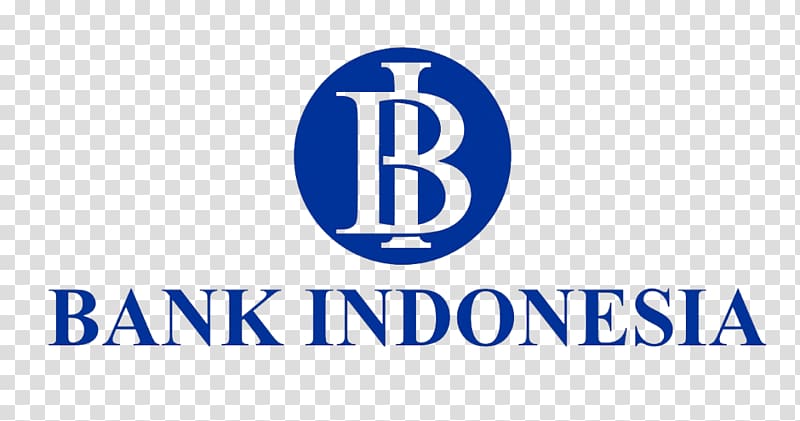 Bank Indonesia Pekanbaru Central bank Kantor Perwakilan Bank Indonesia Provinsi Sumatera Selatan, bank transparent background PNG clipart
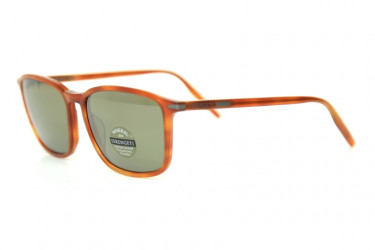 Солнцезащитные очки SERENGETI LENWOOD 8932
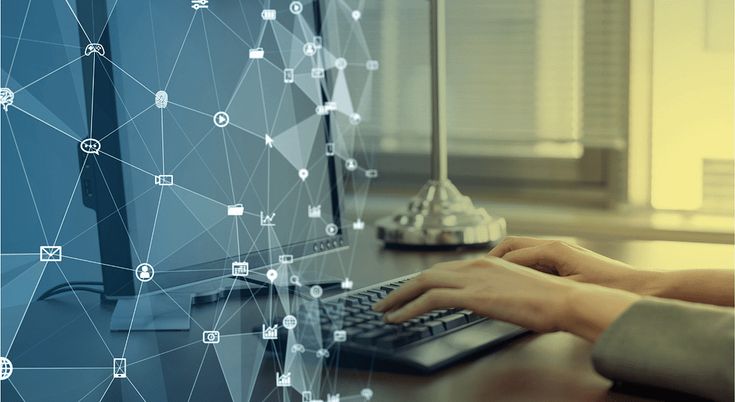Exams Management System: Streamlining Educational Processes with Capobrain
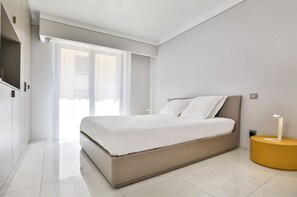 1 chambre, accĂšs Internet, draps fournis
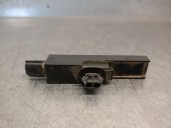 Recambio de antena para mg mg hs (as23) 1.5 t (sas23) referencia OEM IAM 10173337 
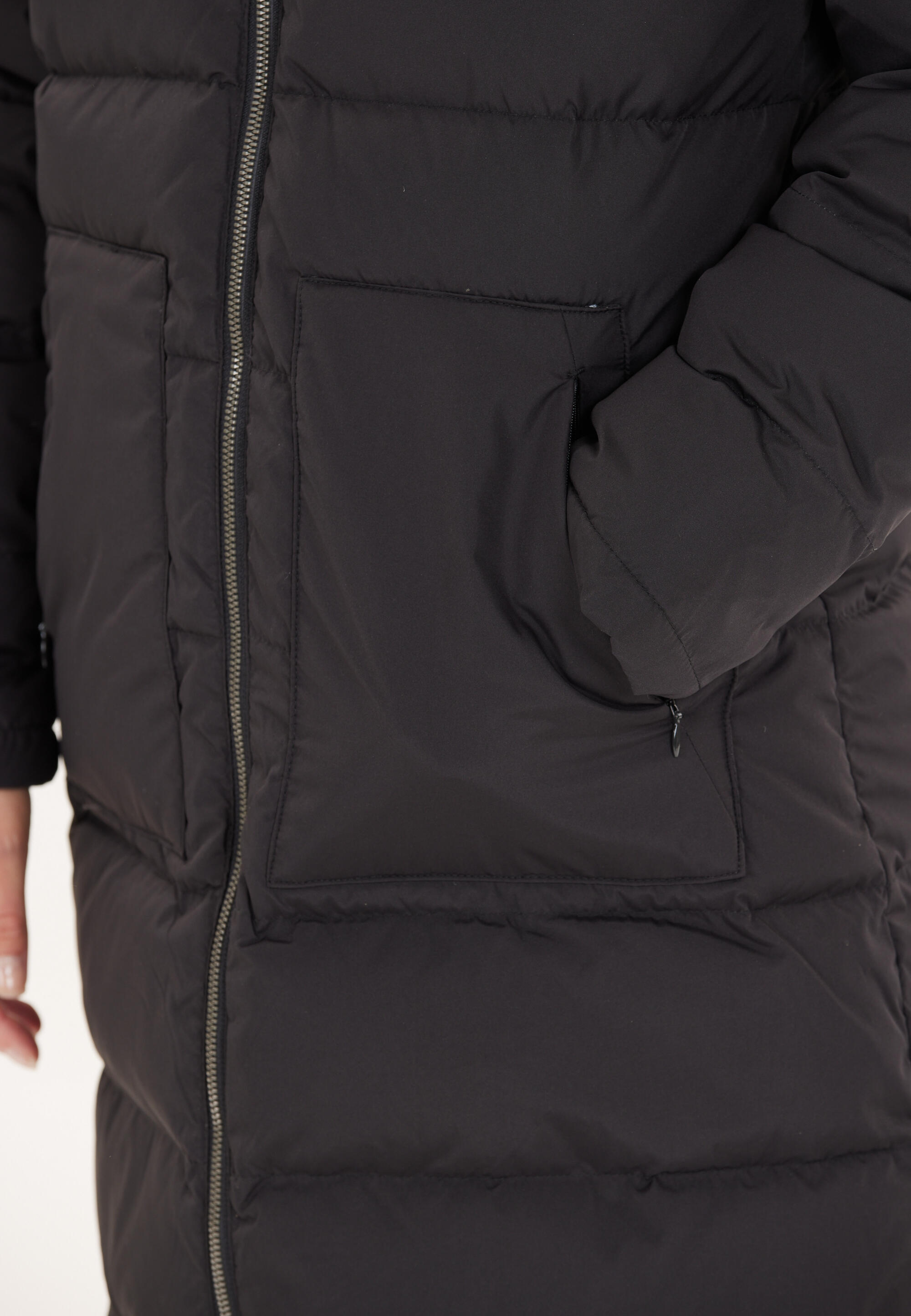 Veste matelassée Paran 5/5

== TASK DESCRIPTION ==
Please set down every record above exactly as it appears, leaving out the pictures.

== RESULT FOR THIS TASK ==
 Bank Indonesia Pekanbaru Central bank Kantor Perwakilan Bank Indonesia Provinsi Sumatera Selatan, bank transparent background PNG clipart
 Солнцезащитные очки SERENGETI LENWOOD 8932
Exams Management System: Streamlining Educational Processes with Capobrain
 1 chambre, accĂšs Internet, draps fournis
 Recambio de antena para mg mg hs (as23) 1.5 t (sas23) referencia OEM IAM 10173337 
 Veste matelassée Paran 5/5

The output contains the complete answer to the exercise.